Short descriptive text snippets:
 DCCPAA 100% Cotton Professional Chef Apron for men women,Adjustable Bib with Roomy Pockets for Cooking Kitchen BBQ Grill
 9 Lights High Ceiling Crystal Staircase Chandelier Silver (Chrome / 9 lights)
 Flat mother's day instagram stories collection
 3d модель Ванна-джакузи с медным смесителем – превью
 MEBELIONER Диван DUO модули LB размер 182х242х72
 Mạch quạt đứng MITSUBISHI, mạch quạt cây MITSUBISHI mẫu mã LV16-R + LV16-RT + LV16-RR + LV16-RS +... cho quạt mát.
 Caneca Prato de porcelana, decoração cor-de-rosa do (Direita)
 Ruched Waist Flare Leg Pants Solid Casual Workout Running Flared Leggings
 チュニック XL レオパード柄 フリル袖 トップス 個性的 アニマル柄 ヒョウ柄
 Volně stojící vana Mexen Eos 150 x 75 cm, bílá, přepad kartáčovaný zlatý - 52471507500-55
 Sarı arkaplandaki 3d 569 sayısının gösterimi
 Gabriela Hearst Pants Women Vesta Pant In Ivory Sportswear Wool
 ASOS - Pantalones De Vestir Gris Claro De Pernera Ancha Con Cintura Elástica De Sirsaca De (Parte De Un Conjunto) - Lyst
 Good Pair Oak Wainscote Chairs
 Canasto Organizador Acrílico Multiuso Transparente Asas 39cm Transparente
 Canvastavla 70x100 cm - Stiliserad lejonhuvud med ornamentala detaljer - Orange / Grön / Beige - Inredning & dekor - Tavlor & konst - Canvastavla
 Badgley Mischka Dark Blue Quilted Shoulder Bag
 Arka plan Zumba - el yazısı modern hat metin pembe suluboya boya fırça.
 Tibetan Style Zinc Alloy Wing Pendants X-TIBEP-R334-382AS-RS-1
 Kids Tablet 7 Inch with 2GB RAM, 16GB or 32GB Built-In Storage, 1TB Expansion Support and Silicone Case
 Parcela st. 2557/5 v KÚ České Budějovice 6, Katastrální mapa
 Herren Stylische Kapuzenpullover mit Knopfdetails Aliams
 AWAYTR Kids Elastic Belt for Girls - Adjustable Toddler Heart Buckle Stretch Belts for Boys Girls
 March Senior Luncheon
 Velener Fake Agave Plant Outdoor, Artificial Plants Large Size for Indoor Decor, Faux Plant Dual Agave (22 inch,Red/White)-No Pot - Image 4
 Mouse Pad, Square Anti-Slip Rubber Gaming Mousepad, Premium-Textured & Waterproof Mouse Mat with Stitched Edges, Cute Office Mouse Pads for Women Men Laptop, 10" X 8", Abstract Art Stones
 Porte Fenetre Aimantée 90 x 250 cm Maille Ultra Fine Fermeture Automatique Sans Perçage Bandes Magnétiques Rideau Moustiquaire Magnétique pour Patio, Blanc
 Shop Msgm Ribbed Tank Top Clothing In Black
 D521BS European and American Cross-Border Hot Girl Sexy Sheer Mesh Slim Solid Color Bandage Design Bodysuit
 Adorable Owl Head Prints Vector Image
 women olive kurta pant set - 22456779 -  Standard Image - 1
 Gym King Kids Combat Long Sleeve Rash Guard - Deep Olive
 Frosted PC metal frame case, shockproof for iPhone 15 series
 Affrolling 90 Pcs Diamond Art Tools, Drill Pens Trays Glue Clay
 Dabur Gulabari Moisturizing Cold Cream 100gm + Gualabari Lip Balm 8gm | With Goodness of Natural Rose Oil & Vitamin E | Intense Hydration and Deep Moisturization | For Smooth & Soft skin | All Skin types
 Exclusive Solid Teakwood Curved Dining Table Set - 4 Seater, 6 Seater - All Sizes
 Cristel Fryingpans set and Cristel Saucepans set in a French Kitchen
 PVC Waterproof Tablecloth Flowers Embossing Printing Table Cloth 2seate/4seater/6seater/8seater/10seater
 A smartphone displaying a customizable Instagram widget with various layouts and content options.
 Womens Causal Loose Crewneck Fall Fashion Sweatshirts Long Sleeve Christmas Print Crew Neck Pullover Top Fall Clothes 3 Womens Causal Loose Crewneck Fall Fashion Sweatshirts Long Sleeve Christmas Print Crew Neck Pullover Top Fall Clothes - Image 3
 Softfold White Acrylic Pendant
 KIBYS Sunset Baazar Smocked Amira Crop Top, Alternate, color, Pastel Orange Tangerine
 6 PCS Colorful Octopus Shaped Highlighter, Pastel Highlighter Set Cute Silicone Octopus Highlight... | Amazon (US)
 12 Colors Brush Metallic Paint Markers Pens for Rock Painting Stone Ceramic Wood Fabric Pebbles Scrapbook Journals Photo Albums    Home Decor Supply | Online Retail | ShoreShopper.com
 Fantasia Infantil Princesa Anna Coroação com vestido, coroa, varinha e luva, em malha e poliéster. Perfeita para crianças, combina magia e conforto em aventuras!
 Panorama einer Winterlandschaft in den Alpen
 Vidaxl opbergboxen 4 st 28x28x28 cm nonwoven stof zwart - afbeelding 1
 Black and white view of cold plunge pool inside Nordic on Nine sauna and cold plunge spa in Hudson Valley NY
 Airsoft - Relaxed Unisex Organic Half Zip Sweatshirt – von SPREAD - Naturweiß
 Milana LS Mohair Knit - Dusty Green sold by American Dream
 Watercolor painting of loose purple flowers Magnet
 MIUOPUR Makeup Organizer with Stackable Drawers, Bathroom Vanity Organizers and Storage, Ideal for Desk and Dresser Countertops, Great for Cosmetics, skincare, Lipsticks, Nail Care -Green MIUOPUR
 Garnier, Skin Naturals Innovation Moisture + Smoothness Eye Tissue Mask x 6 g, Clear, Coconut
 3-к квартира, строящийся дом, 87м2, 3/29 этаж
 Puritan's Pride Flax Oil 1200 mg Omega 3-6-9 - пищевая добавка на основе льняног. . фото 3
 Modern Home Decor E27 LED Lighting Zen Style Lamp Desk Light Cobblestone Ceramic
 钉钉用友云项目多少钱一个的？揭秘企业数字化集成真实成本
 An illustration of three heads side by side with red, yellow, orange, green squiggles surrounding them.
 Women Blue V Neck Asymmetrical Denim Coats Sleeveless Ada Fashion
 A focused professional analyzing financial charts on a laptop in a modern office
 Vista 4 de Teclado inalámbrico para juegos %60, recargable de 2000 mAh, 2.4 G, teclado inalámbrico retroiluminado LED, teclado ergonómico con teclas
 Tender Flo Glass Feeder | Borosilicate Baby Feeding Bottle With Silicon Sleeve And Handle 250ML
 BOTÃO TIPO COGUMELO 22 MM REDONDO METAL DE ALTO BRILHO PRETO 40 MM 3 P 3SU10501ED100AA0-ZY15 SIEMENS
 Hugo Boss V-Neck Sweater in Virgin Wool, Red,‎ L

YOUR INSTRUCTIONS:
Among the lines of the data, which ones contain the word "Cute"? Show them.

SOLUTION TO THE EXERCISE:
 Mouse Pad, Square Anti-Slip Rubber Gaming Mousepad, Premium-Textured & Waterproof Mouse Mat with Stitched Edges, Cute Office Mouse Pads for Women Men Laptop, 10" X 8", Abstract Art Stones
 6 PCS Colorful Octopus Shaped Highlighter, Pastel Highlighter Set Cute Silicone Octopus Highlight... | Amazon (US)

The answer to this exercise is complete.